I think the stone per hand rule is about right, I have always used it anyway. If your balanced they wouldn't have any trouble carrying you. I have always been told that a 10st (For example) balanced rider feels lighter to the horse than a 9st unbalanced rider, if you see what I mean?


----------



## Michelle73 (19 March 2008)

Yeah, I'm an extremely balanced rider - Been breaking and schooling all my life but last time I rode a 12.2hh I was bout 12yrs old!!!!!!  Not 34yrs old!!!!!

Just feeling like a big kid about it, one of them is already broken but only been out with kids on lead rein, he's not been taught to go forward without somone beside him on the ground.  So I can't wait to teach him that forward is fun!!!  He loves kissing me too!!!  What more can I ask for?!!  The other is a very nervy mare who's had a hard life but she's coming on well in hand at the mo!  

Thanks peeps.  Hopefully I'll get out on the already broken one this weekend!


----------



## skewbaldpony (19 March 2008)

I've sat on a 12hh at 12 stone and had no worries about it! Stocky little devil, and no I wouldn't take him showjumping or something, but I'll hack him out, and he can still pull like a train.
Mind you, I am a balanced rider also, and he is an old hand, well grown etc, so with youngsters, I might go rather under a stone per hand, but you've got loads to spare, unless you take to breaking minis!!!

PS Have you REALLY lost 65lb?! How? Do share?!


----------



## Michelle73 (19 March 2008)

Ponios are I think 6 and 4 so not so much "youngsters" as normally would be for breaking and bringing on.  

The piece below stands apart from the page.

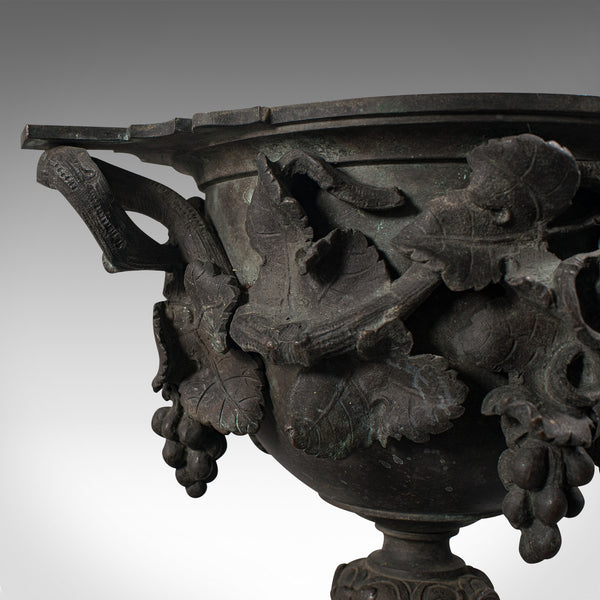 Antique Serving Cup, Continental, Bronze, Goblet, 18th Century, Georgian, C.1800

Lost the weight on the Cambridge Diet!  Currently maintaining between 9st 4lb and 10st depending on exercise.  Ironically the more exercise I do the more I weigh!!!!  Currently running 5.5miles twice a week and riding twice a week which will increase to 5 times a week once the clocks alter!


----------



## Moggy in Manolos (19 March 2008)

you wont be too heavy imho
ponies are tough as nails generally speaking


----------



## Cahill (19 March 2008)

your head is the biggest weight so sit still and quiet.

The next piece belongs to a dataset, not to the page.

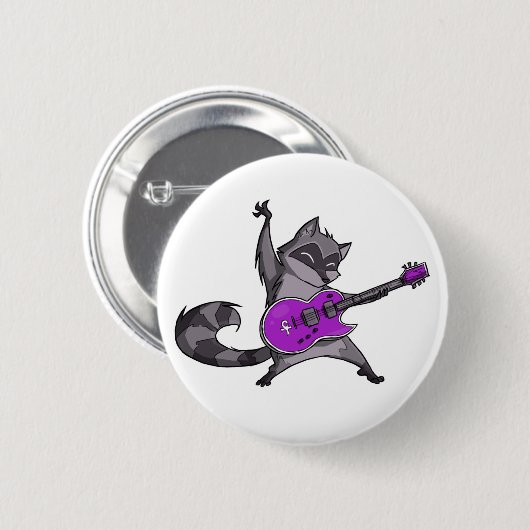 Waschbärknopf Button (Vorne & Hinten)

one 11`2 can be built totally different from another,so it depends on the pony.


----------



## skewbaldpony (19 March 2008)

[ QUOTE ]
your head is the biggest weight  

[/ QUOTE ]

You speak for yourself, honey!!!

(Before I get flamed, I know the head is indeed the heaviest part of the body, even mine, but I promise you it does not outweigh the rest of me, by a long chalk! Plus I am joking. OK?)


----------